### WHAT YOU HAVE TO DO
Copy, exactly as written, the lines that begin at the one containing "Skin1004 Madagascar Centella" and end at the one containing "37bet games login". Skip any pictures in the data below.

### DATA SUPPLIED

........

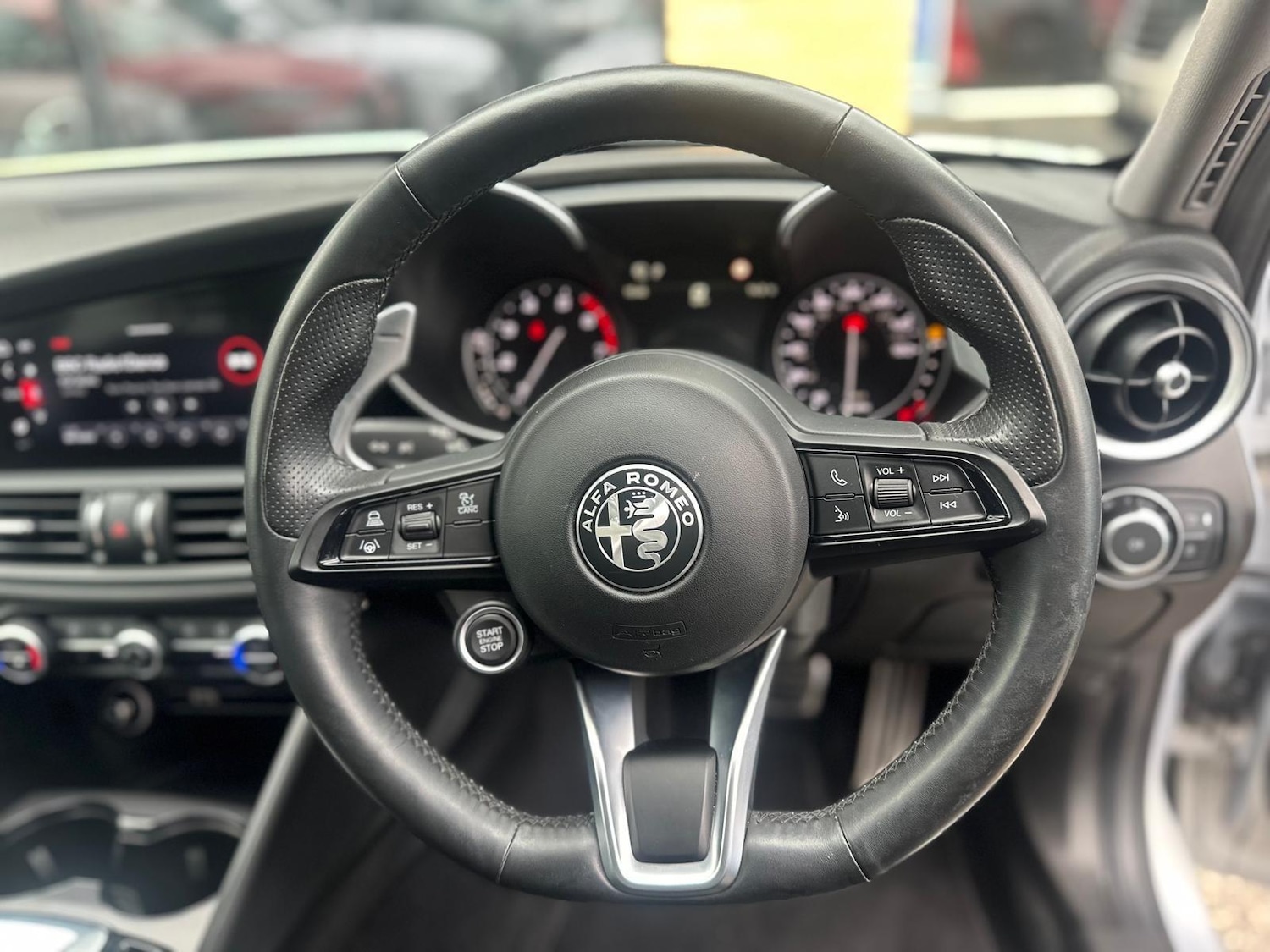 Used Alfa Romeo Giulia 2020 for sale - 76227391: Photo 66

........

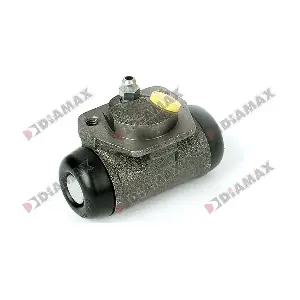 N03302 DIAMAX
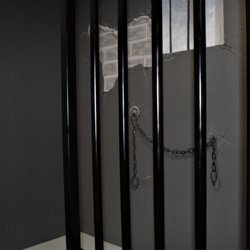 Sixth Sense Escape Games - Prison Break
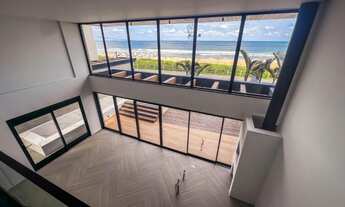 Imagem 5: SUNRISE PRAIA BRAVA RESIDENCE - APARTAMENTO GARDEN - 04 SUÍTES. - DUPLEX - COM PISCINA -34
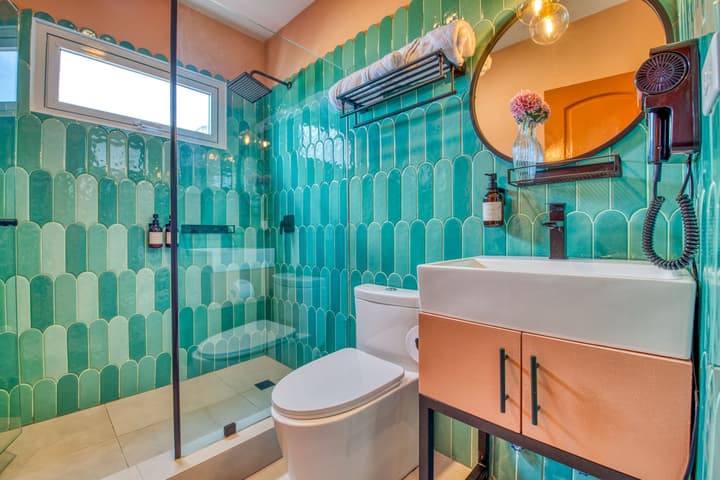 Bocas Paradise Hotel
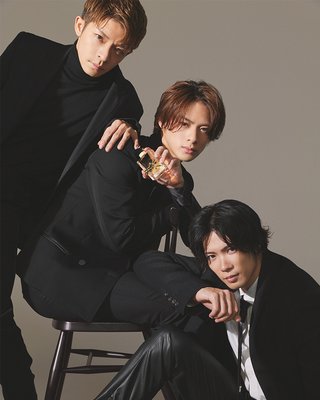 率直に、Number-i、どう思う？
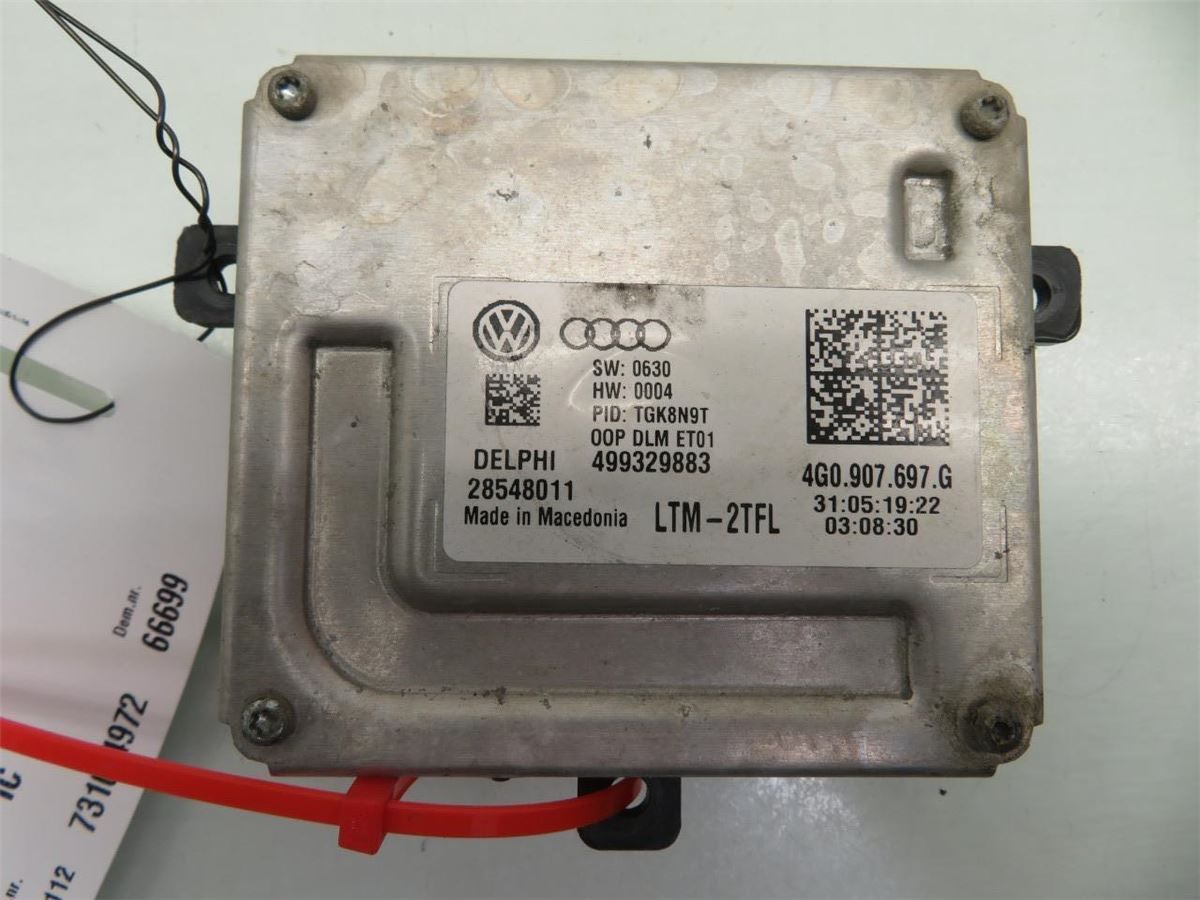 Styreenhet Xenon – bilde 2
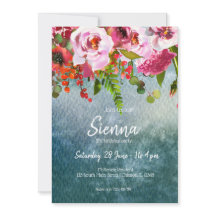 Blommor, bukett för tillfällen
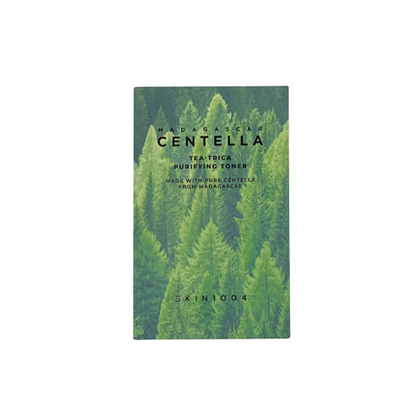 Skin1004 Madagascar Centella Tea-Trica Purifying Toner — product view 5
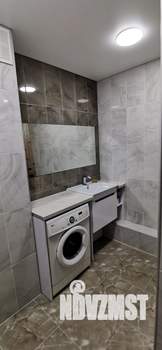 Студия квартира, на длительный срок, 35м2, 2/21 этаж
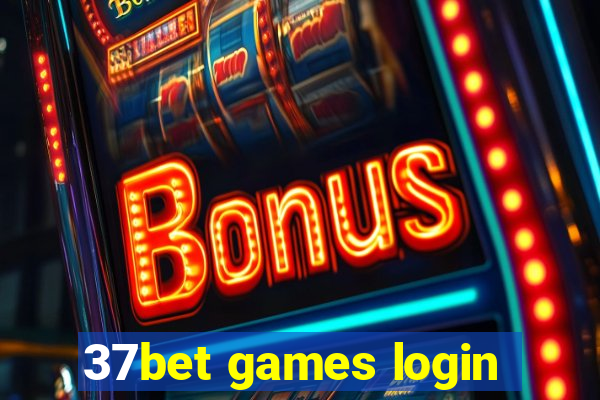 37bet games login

........

### WRITTEN ANSWER
 Skin1004 Madagascar Centella Tea-Trica Purifying Toner — product view 5
 Студия квартира, на длительный срок, 35м2, 2/21 этаж
 37bet games login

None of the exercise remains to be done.